Increased ongoing neural variability in ADHD

• Published in: Cortex Vol. 81; pp. 50 - 63
• Main Authors: Gonen-Yaacovi, Gil, Arazi, Ayelet, Shahar, Nitzan, Karmon, Anat, Haar, Shlomi, Meiran, Nachshon, Dinstein, Ilan
• Format: Journal Article
• Language: English
• Published: Italy Elsevier Ltd 01.08.2016
• Subjects: ADHD; Adult; Attention; Attention Deficit Disorder with Hyperactivity - physiopathology; Attention Deficit Disorder with Hyperactivity - psychology; EEG; Female; Humans; Image Processing, Computer-Assisted - methods; Intra-individual variability; Male; Nerve Net - physiology; Neuropsychological Tests; Noise; Psychomotor Performance - physiology; Reaction Time - physiology; Sensory systems; Sensory systems; ADHD; Noise; EEG; Intra-individual variability
• ISSN: 0010-9452; 1973-8102; 1973-8102
• DOI: 10.1016/j.cortex.2016.04.010

Attention Deficit Hyperactivity Disorder (ADHD) has been described as a disorder where frequent lapses of attention impair the ability of an individual to focus/attend in a sustained manner, thereby generating abnormally large intra-individual behavioral variability across trials.
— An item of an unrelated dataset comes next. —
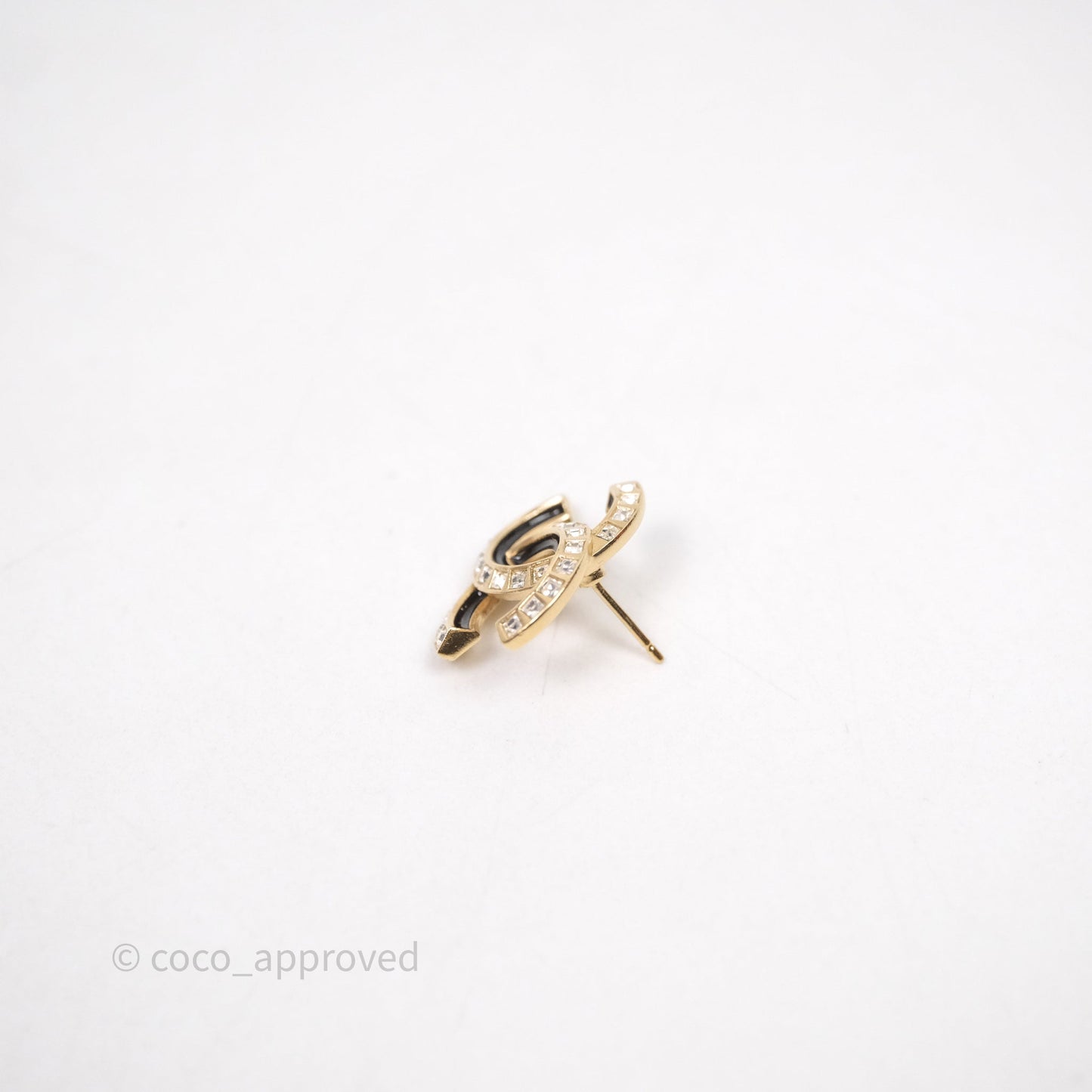 Chanel Crystal CC Resin Black Earrings Gold Tone 24C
Indeed, increased reaction time (RT) variability is a fundamental behavioral characteristic of individuals with ADHD found across a large number of cognitive tasks. But what is the underlying neurophysiology that might generate such behavioral instability? Here, we examined trial-by-trial EEG response variability to visual and auditory stimuli while subjects' attention was diverted to an unrelated task at the fixation cross. Comparisons between adult ADHD and control participants revealed that neural response variability was significantly larger in the ADHD group as compared with the control group in both sensory modalities. Importantly, larger trial-by-trial variability in ADHD was apparent before and after stimulus presentation as well as in trials where the stimulus was omitted, suggesting that ongoing (rather than stimulus-evoked) neural activity is continuously more variable (noisier) in ADHD. While the patho-physiological mechanisms causing this increased neural variability remain unknown, they appear to act continuously rather than being tied to a specific sensory or cognitive process.